Japan’s Self-Defense Forces (SDF) have their first ever space unit, the Space Operations Squadron. Its core mission will be to track space garbage and other countries’ satellites to prevent damage to Japan’s own orbital assets.
Satellites are a foundational part of everyday life here on Earth, from GPS to weather observation to wireless communications during disasters. If these were to be damaged, the impact would be felt far and wide.
The Space Operations Squadron will conduct its observation mission in conjunction with U.S. forces and the Japan Aerospace Exploration Agency. It is expected to add more personnel and, in the future, will apparently pursue research into electromagnetic weapons to disrupt the communications of other nations’ satellites as a defensive measure.
If the unit’s brief is indeed expanded, it runs the risk of violating Japan’s “peaceful use” space policy. The Diet voted to adopt the peaceful use of space principle in 1969, and has focused its extraterrestrial efforts on science and technological research and development ever since. However, the 2008 Aerospace Basic Act shifted the interpretation of this stance. No longer did it mean that Japan would not use space for military purposes, but simply that it would not use space for “aggression.”
The United States, China, and Russia are locked in competition for space hegemony, and tensions are rising. Other countries, too, use satellites for intelligence gathering and monitoring missile launches, and the machines unarguably play a major role in modern military operations.
In 2007, China successfully shot down one of its own satellites with a missile. The country is also reportedly developing “killer satellites” that can disable or destroy those of its enemies, among other military space technologies. The U.S. has designated space a new arena of military conflict, and last year created the Space Force, a new service branch to go along with the Army, Navy and Air Force.

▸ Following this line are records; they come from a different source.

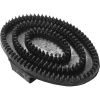 Rider Rubber Curry Comb Photo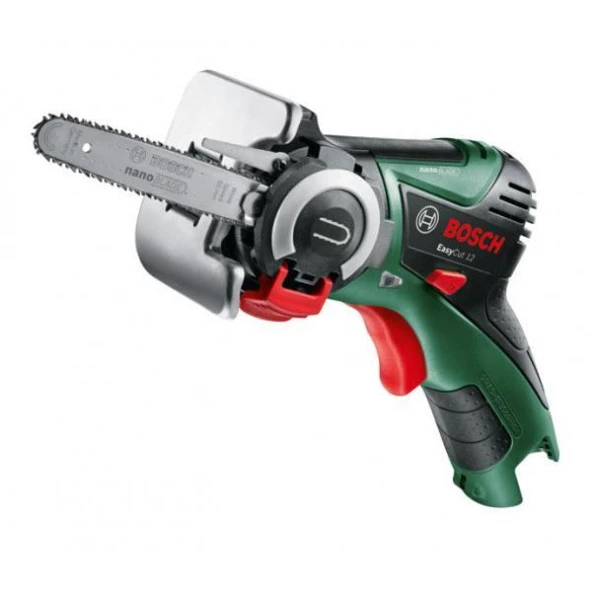 Bosch Easycut 12 Akülü Testere ürün görseli 1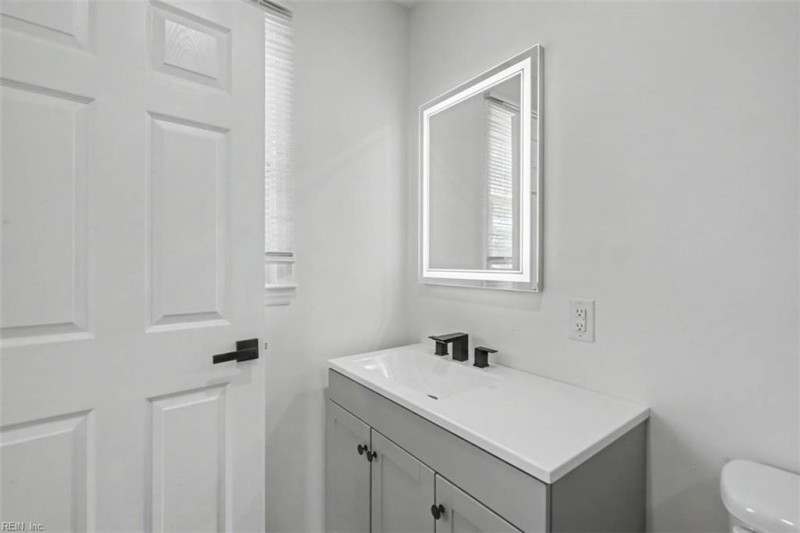 Photo 22 of 29 residential for sale in Norfolk virginia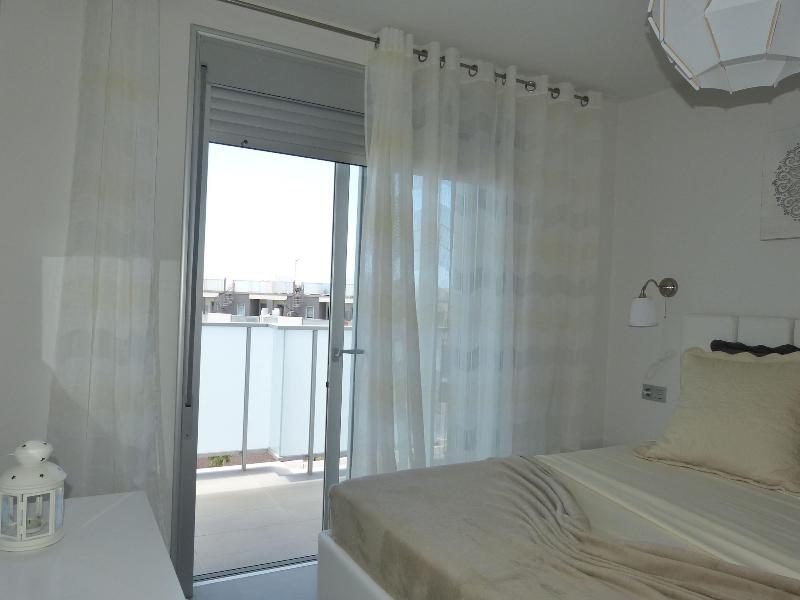 Imagen de alojamiento Suncanarias Penthouse Las Terrazas Imagen de alojamiento Suncanarias Penthouse Las Terrazas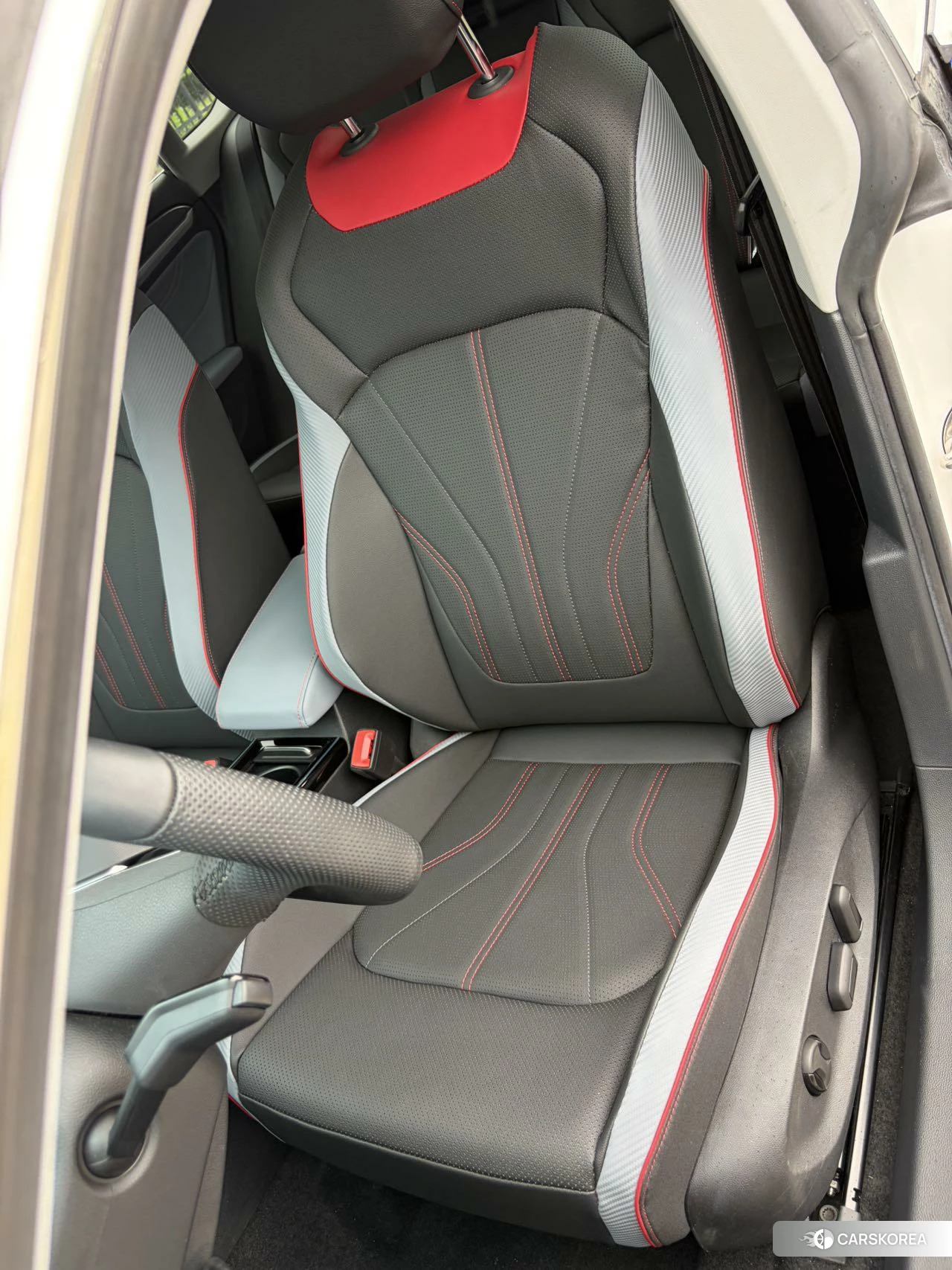 Volkswagen Lamando id 4486175 из Китая 19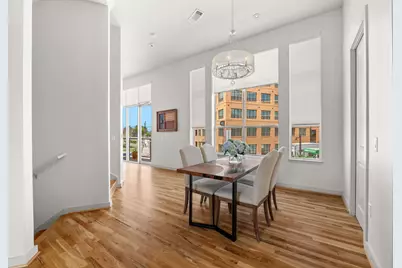 [Address not provided], San Antonio, TX 78212 - Photo 7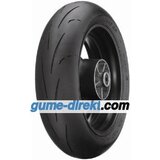 Dunlop Sportmax GP Racer D211 E ( 190/55 ZR17 TL (75W) Endurance, zadnji kotač, M/C ) | shoptok.hr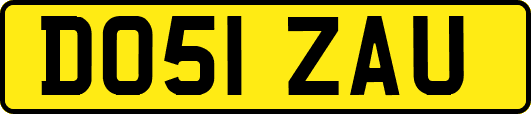 DO51ZAU
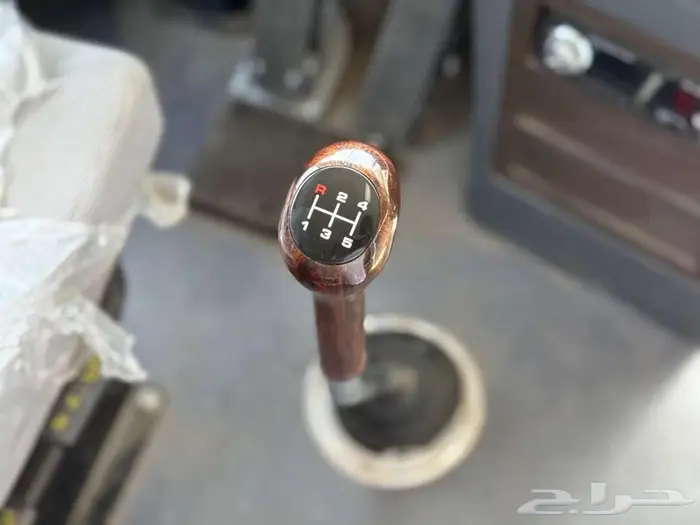 باص C9 انكاي 2025 - 67 راكب ديزل - بعرض للمؤسسات والشركات 15
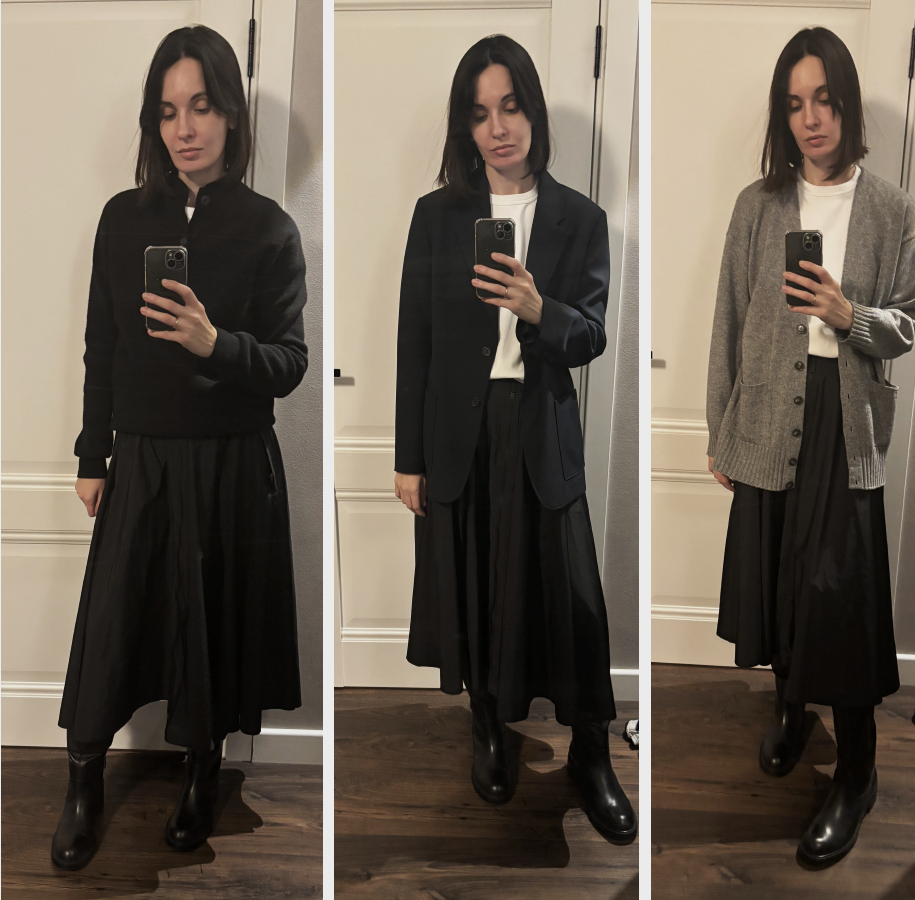 Владлена, автор канала «Бренды в большом городе»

Prime Minister Shinzo Abe has said that Japan “proceeding to create an aerospace defense force is no pipe dream,” hinting at a much-expanded space operations unit in the future.

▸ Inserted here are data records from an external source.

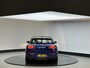 MINI Clubman Mini 1.5 Cooper Business Edition Automaat | Apple Carplay | Navigatie | Clima | NL Auto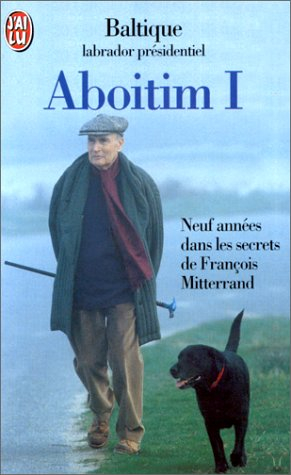 Aboitim. Vol. 1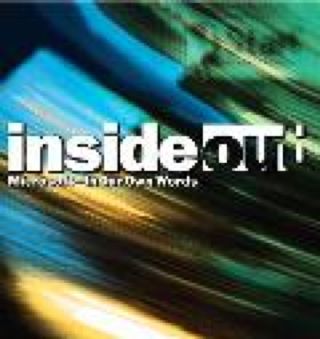 Hannibal Lecter 3: Hannibal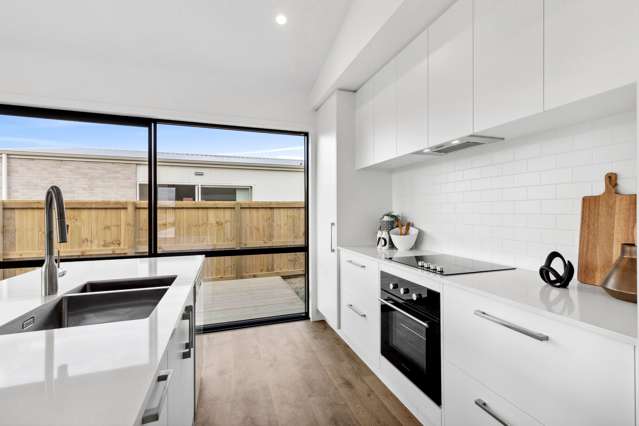 18 One Haruru Street Cambridge_1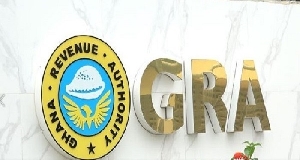 Ghana Revenue Authority GRA Ghana Revenue Authority GRA Ghana Revenue Authority GRA Ghana Revenue Au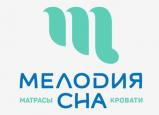 Грузчик
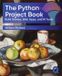 The Project Q Publishing The Python Project Book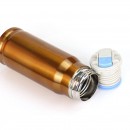 Bullet Thermos Cup
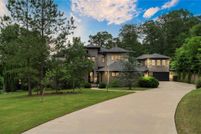 Land for sale in Washington County, Arkansas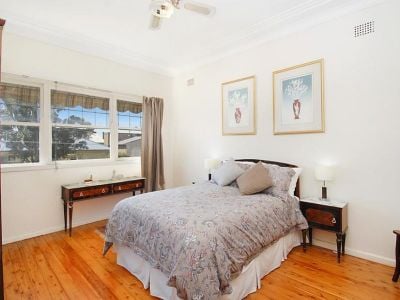 56 Stephen Road BOTANY NSW, Botany - Thumbnail 5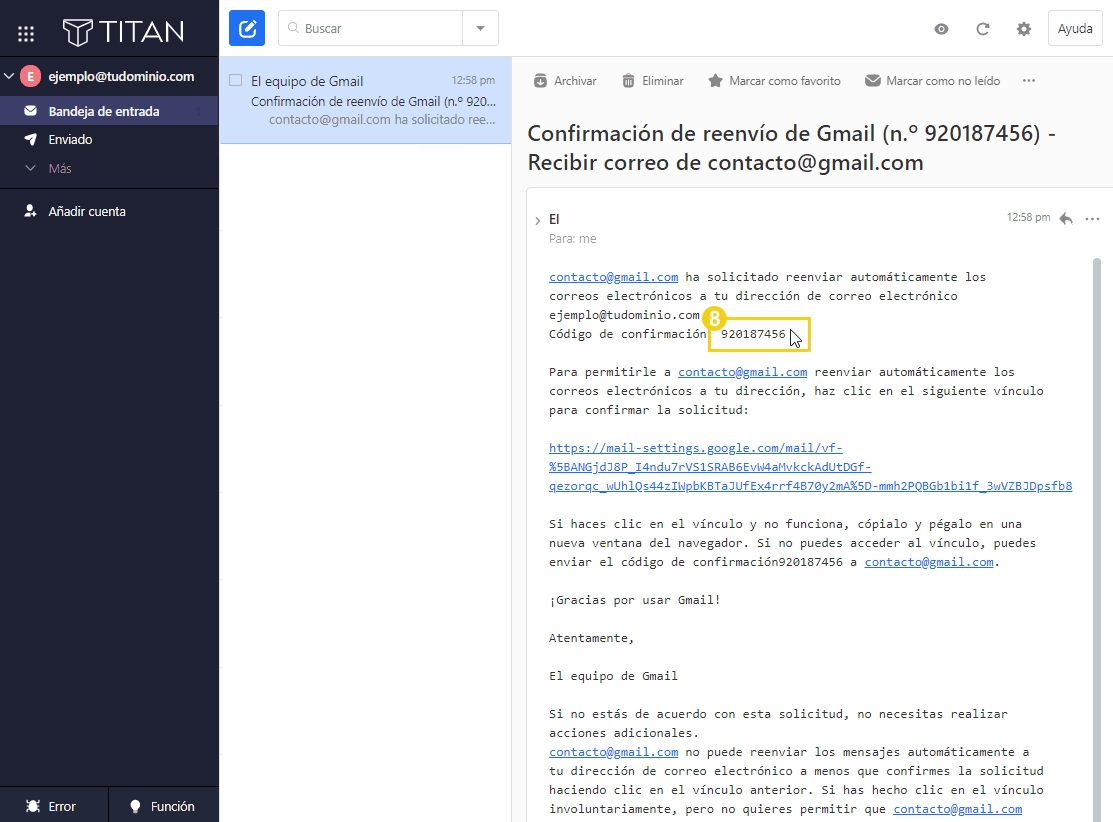 codigo de verificação -0.jpeg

However, discussion on whether all this would accord with Japan’s pacifist Constitution and foundational principle of pure self-defense has been severely lacking. Furthermore, nothing has been done yet to define what Japan could or could not do if one of its own satellites was attacked.
Defense Minister Taro Kono has signaled that he would view an attack on a U.S. or other allied satellite as possibly coming under Japan’s right to exercise collective self-defense. Discussion on the legality of this stance, and on proper checks, is needed immediately.
The continuing lack of an international rules framework for space issues is also a problem. Japan should be backing a push to set these rules based on the principle of peaceful use, and put the brakes on the militarization of space.